Two metro Atlanta men have been sentenced to federal prison for running a real estate-based Ponzi scheme that took in $5 million from investors.
Charles Wooden, 48, of Stone Mountain, was sentenced to seven years in prison and must pay $2.4 million in restitution. Hendrickx Toussaint, 44, of Decatur, was sentenced to three years and 10 months in prison and ordered to pay $1.2 million in restitution.
U.S. Attorney John Horn said that around 2009 Wooden, doing business as Aeon Capital Management, acted as a real estate broker who bought for foreign and out-of-state investors residential properties that could be flipped for a quick profit or managed. Wooden was to pass on to investors their share of the rental funds.
Toussaint, then an attorney, would escrow investor funds and close real estate purchases for Wooden and the investors.
Investors put in more than $5 million with Wooden and Toussaint from 2009 to 2012 to buy Atlanta area real estate.
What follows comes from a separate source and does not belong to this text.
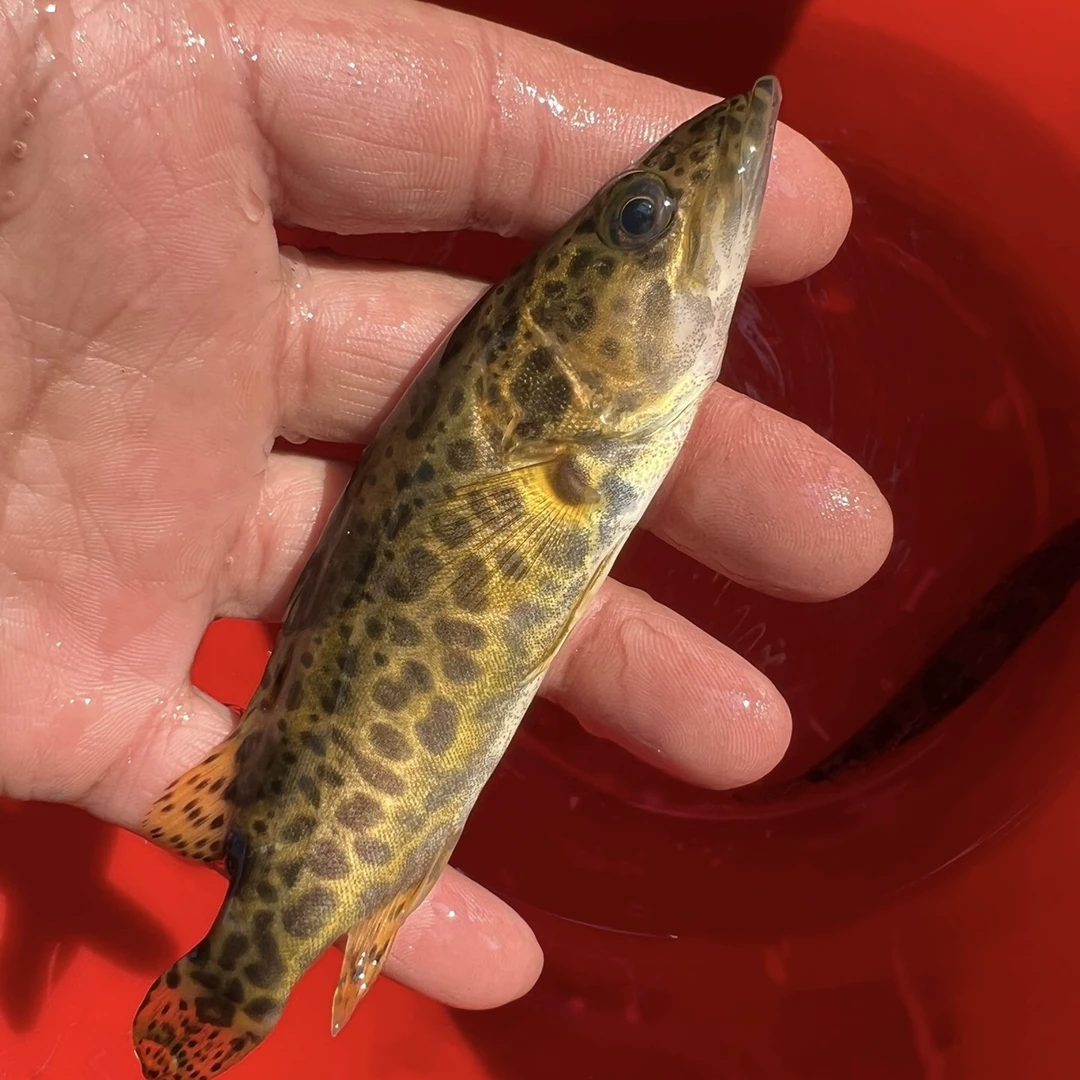 鳜鱼斑鳜淡水原生鱼凶猛观赏鱼桂花鱼老虎圆桶鳜活体鳜鱼苗非养殖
Wooden bought some properties for investors, but he and Toussaint did not use the vast majority of investors’ funds as they had promised, Horn said. Wooden used funds from investors for his personal and business interests and to pay “profits” from short-term real estate “flips,” that never occurred, Horn said. Funds were also used to pay rental income to investors from properties that had not been purchased. When one investor sued Wooden, he used funds from another victim to settle the investor’s lawsuit.
Wooden and Toussaint provided fake documents to the investors to conceal that their monies had not been used to purchase real estate, according to Horn.